Tagesauflüge von Pittsburgh aus

Trotz des Angebots lohnt es sich auch, Pittsburgh zu verlassen und die Umgebung zu erkunden. Etwa eineinhalb Stunden Fahrtzeit entfernt findet sich das 9/11-Memorial. Am 11. September 2001 stürzte Flug 93 im Somerset County ab. Ein schwarzer Steinweg zeichnet heute den Weg des Flugzeuges am Boden nach. Er führt zum Ende eines Vorsprungs, einer Aussichtsplattform. Etwas tiefer setzt sich die Linie fort, erreichbar über einen verschlungenen Wanderweg.

Der schwarze Steinweg zeigt die Strecke, über die das Flugzeug am 11. September schlitterte, am Ende ist eine Aussichtsplattform auf das Feld, wo es liegen blieb.
Der schwarze Steinweg zeigt die Strecke, über die das Flugzeug am 11. September schlitterte, am Ende ist eine Aussichtsplattform auf das Feld, wo es liegen blieb. Foto: Sebastian Scherer

Am Ende – kurz vor der Stelle, an der das Flugzeug zum Liegen kam, findet der Besucher Mamorwände, in denen die Namen der 40 Gestorbenen verzeichnet sind. Im Besucherzentrum gibt es eine Ausstellung über den schwarzen Tag. Vor allem die dort zu hörenden letzten Anrufe bei Angehörigen der Passagiere und bei der Polizei sind markerschütternd.

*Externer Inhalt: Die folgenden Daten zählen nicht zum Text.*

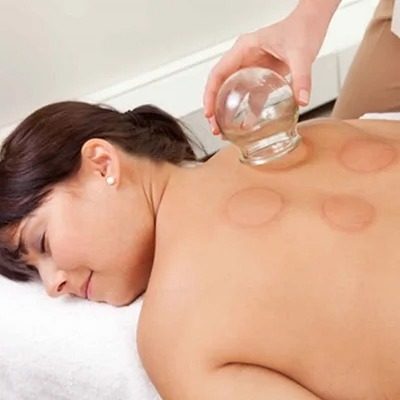 Hijama Cupping Therapy in Islamabad & Pakistan Best Hijama Cost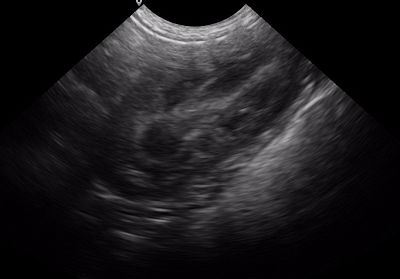 Canine-Left kidney(001)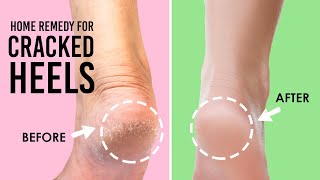 फटी एड़िया से छुटकारा पाए | Home Remedy For Cracked Heels In Hindi | Winter Skincare | Be Beautiful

Ganz anders beeindruckend ist ein anderes Stück amerikanische Geschichte: Das Haus Fallingwater, aus den Dreißigerjahren, 80 Kilometer südlich von Pittsburgh in den Allegheny Mountains, gilt als architektonisches Meisterwerk, als Opus magnum von Frank L. Wright, der zum Beispiel auch das Guggenheim-Museum in Manhattan gestaltete. Wrights Versuch, die Natur ins Haus des Geschäftsmannes Edgar J. Kaufmann zu holen, ist an jeder Zimmerecke ersichtlich – im wahrsten Sinne. Eckfenster öffnen nach innen, um die Geometrie zu sprengen und alles offen erscheinen lassen. Aus dem Wohnzimmer führen Stufen zum Wasser, das über die namengebenden Wasserfälle vorbeigespült wird. „Wright entwarf viele Privathäuser“, sagt Henry Moore, Fremdenführer in Fallingwater. „Jedes war komplett durchdesignt.“ 

Fallingwater gilt als das Meisterwerk des Architekten Frank Lloyd Wright.
Fallingwater gilt als das Meisterwerk des Architekten Frank Lloyd Wright. Foto: Sebastian Scherer

Es ist ein gänzlich anderer Eindruck, der hier entsteht, in dem in den Berg gebauten, treppenartig angelegten Haus, an dem das Wasser vorbeifließt, als oben auf dem Mount Washington mit Blick in die umtriebige, sich weiter neu erfindende Stadt. Ruhiger, entspannter. In der Vergangenheit war es ein guter Ort, um dem Dreck Pittsburghs zu entkommen. Heute wäre die Flucht nicht mehr nötig.

Pittsburgh: Tipps zur  Anreise

Anreise: In den Sommermonaten bietet Condor eine Direktverbindung ab Frankfurt an (montags und freitags). Die Flugzeit beträgt etwa neun Stunden. Alternativ lassen sich Flüge via Umsteigeflughäfen wie Amsterdam und London von überall in Deutschland startend finden.

Unterkünfte: Eine U-Bahn verbindet viele Teile Pittsburghs. So können viele Hotels problemlos erreicht werden.